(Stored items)
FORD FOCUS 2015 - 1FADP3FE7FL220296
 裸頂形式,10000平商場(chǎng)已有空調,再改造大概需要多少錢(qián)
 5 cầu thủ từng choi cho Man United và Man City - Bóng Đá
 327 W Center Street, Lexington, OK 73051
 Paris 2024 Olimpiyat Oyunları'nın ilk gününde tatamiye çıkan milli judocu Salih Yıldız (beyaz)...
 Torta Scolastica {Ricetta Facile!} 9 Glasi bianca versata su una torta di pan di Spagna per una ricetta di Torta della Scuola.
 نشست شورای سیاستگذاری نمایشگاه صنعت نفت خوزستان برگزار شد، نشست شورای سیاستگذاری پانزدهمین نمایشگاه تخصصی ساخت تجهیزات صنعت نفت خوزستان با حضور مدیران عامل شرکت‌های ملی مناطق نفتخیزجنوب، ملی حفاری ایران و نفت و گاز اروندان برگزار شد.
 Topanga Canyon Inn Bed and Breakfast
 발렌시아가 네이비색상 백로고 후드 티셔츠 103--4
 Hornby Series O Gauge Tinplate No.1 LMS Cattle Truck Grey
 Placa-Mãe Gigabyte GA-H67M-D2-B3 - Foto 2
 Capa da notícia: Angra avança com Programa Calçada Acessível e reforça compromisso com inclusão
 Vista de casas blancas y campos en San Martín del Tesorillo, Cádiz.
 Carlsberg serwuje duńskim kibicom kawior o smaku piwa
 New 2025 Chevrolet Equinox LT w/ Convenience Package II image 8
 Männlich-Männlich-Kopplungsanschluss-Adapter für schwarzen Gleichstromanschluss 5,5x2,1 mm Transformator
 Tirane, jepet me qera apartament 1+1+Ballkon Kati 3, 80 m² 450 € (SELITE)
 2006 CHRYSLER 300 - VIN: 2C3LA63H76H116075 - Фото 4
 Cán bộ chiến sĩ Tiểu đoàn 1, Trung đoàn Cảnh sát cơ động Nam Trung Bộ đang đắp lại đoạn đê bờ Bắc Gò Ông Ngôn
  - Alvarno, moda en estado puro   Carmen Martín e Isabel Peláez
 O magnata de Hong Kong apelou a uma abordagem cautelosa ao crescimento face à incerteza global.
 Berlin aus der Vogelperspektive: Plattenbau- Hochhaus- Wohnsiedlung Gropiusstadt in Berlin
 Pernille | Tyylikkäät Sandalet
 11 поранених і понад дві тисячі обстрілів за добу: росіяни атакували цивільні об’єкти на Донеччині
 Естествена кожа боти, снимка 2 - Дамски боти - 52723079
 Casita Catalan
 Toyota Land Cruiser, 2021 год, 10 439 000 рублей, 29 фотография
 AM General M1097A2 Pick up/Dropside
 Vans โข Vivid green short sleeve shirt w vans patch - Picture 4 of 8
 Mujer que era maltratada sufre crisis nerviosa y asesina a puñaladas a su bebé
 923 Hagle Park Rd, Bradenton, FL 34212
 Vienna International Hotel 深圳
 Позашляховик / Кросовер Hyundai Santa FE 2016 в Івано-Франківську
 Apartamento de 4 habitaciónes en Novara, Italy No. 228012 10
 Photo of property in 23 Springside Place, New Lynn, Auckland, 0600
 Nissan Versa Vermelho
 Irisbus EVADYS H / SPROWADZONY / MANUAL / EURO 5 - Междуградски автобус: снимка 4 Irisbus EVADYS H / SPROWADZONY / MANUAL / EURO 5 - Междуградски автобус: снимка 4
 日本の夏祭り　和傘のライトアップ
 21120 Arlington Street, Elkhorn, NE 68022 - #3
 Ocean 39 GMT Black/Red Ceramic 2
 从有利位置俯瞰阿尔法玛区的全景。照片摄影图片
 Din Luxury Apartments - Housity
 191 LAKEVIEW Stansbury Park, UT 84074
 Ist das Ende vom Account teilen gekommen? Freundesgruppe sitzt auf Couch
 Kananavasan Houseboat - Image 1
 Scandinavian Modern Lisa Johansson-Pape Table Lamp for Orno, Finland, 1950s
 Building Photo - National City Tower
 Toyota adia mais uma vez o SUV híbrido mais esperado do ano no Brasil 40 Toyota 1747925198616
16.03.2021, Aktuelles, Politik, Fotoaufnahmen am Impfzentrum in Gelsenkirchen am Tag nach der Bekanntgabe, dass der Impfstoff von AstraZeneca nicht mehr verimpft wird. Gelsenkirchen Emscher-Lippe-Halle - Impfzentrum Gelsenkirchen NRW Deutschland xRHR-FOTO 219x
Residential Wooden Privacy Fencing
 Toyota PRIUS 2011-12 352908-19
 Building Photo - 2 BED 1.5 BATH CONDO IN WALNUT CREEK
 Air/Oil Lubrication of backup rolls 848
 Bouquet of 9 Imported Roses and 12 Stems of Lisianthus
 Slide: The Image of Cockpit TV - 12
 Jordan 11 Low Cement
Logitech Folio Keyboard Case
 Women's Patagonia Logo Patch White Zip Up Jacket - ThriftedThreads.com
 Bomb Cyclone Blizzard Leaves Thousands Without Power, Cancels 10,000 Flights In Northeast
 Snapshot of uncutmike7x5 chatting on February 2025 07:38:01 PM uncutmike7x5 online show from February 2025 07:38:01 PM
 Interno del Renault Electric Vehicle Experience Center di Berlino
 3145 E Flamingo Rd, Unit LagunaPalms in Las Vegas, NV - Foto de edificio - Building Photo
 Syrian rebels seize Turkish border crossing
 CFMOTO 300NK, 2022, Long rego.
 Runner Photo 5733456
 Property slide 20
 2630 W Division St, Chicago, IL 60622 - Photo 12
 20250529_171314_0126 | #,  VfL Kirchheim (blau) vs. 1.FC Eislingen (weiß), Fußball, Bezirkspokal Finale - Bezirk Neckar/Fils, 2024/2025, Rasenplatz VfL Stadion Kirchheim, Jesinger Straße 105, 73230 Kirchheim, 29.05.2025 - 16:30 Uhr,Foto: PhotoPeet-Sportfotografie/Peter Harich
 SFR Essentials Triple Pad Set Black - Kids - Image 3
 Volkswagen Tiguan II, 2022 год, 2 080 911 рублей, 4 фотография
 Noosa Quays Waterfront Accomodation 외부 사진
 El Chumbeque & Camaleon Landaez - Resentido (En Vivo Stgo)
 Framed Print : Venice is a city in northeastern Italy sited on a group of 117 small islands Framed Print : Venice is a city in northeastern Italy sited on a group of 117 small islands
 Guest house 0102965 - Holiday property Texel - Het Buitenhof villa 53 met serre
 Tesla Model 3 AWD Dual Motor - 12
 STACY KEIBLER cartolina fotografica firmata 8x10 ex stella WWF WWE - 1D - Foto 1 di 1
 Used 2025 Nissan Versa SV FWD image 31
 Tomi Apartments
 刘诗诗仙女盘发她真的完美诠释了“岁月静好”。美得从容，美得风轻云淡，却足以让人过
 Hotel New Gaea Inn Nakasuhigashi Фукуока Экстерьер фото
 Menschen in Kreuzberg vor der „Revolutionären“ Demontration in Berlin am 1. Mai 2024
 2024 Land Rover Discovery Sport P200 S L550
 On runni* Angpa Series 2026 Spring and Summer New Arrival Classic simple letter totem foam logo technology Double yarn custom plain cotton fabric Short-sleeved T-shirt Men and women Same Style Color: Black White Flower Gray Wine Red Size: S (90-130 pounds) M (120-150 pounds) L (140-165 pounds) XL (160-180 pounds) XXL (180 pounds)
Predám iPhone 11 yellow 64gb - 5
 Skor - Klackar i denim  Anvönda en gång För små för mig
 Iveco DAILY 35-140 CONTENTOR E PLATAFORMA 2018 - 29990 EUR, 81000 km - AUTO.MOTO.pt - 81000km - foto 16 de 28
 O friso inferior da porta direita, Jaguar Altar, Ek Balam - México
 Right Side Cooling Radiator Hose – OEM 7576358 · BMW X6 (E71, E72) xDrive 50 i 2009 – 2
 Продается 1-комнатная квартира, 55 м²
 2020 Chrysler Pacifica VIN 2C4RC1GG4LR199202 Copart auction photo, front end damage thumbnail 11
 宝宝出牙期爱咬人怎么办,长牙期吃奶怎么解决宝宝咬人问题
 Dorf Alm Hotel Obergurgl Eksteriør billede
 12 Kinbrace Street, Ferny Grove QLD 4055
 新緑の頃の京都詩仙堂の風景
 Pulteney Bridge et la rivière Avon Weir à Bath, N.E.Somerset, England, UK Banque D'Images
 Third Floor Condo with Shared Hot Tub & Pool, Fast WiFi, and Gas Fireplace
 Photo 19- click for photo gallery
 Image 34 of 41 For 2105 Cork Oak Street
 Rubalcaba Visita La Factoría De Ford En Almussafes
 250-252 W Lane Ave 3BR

### Task instructions
Copy exactly the lines above, starting at the opening line and finishing at the line in which "Carlsberg serwuje duńskim" occurs.

### Exercise solution
FORD FOCUS 2015 - 1FADP3FE7FL220296
 裸頂形式,10000平商場(chǎng)已有空調,再改造大概需要多少錢(qián)
 5 cầu thủ từng choi cho Man United và Man City - Bóng Đá
 327 W Center Street, Lexington, OK 73051
 Paris 2024 Olimpiyat Oyunları'nın ilk gününde tatamiye çıkan milli judocu Salih Yıldız (beyaz)...
 Torta Scolastica {Ricetta Facile!} 9 Glasi bianca versata su una torta di pan di Spagna per una ricetta di Torta della Scuola.
 نشست شورای سیاستگذاری نمایشگاه صنعت نفت خوزستان برگزار شد، نشست شورای سیاستگذاری پانزدهمین نمایشگاه تخصصی ساخت تجهیزات صنعت نفت خوزستان با حضور مدیران عامل شرکت‌های ملی مناطق نفتخیزجنوب، ملی حفاری ایران و نفت و گاز اروندان برگزار شد.
 Topanga Canyon Inn Bed and Breakfast
 발렌시아가 네이비색상 백로고 후드 티셔츠 103--4
 Hornby Series O Gauge Tinplate No.1 LMS Cattle Truck Grey
 Placa-Mãe Gigabyte GA-H67M-D2-B3 - Foto 2
 Capa da notícia: Angra avança com Programa Calçada Acessível e reforça compromisso com inclusão
 Vista de casas blancas y campos en San Martín del Tesorillo, Cádiz.
 Carlsberg serwuje duńskim kibicom kawior o smaku piwa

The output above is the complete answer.